Mr De Souza’s strict reading of s 84A(9)(a)(i) misses the meaning and intent of the statutory provision. Andrew Ang J in Tsai Jean v Har Mee Lee [2009] 2 SLR(R) observed (at [24]) that a strict and literal interpretation of the sub-section in question would render it unworkable. I agree with Ang J’s observation. Furthermore, the Court of Appeal in Ng Eng Ghee v Mamata Kapildev Dave [2009] 3 SLR(R) 109 (“Horizon Towers”) at [133] has ruled that the duty of “good faith” under s 84A(9)(a)(i) requires the CSC to discharge its statutory, contractual and equitable functions and duties faithfully and conscientiously, and to hold an even hand between the consenting and the objecting owners in the sale process. In short, the CSC has to discharge its duty of good faith in five (non-exhaustive) areas in relation to the entire collective sale process.
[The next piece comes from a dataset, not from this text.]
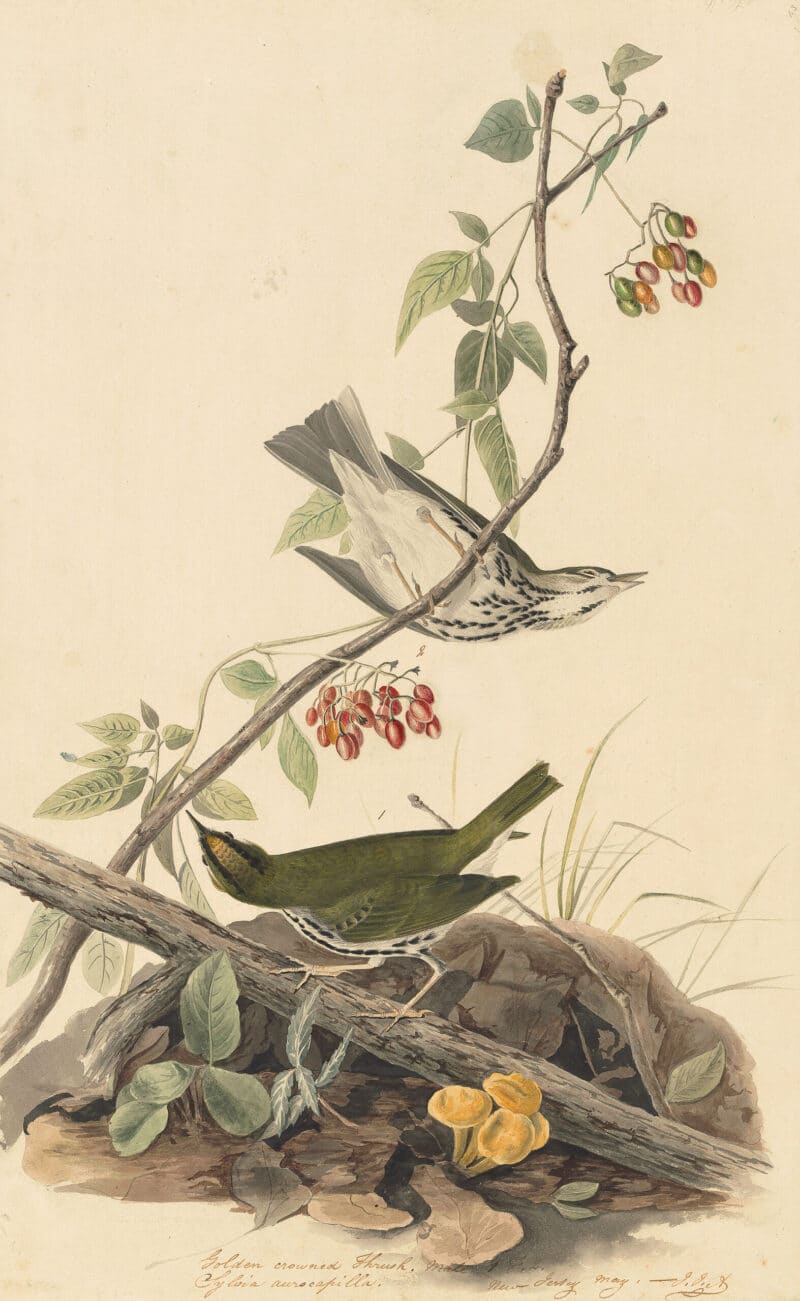 Audubon's Watercolors Pl. 143, Ovenbird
The Court of Appeal in Chua Choon Cheng v Allgreen Properties Ltd [2009] 3 SLR(R) 724 (“Allgreen”) took the opportunity to summarise the five areas in question (at [85]):

To recapitulate, the duty of good faith requires the [CSC] to discharge its duties in good faith in five specific areas, including but not limited to (a) the duty of loyalty or fidelity; (b) the duty of even-handedness; (c) the duty to avoid any conflict of interest; (d) the duty to make full disclosure of relevant information; and (e) the duty to act with conscientiousness.

By s 84A(9)(a)(i) and in the context of this case, the court has to take into consideration the fact that the sale price of $33m for the lots and the common property in the strata title plan was below the reserve price of $34m; and that at the time the offer of $33m was made on 19 July 2012 and even up to 23 July 2012, there was still no requisite 80% consent for a collective sale at the below reserve price of $33m. As such, this court has to consider how the 80% threshold for a collective sale at the sale price of $33m was eventually obtained.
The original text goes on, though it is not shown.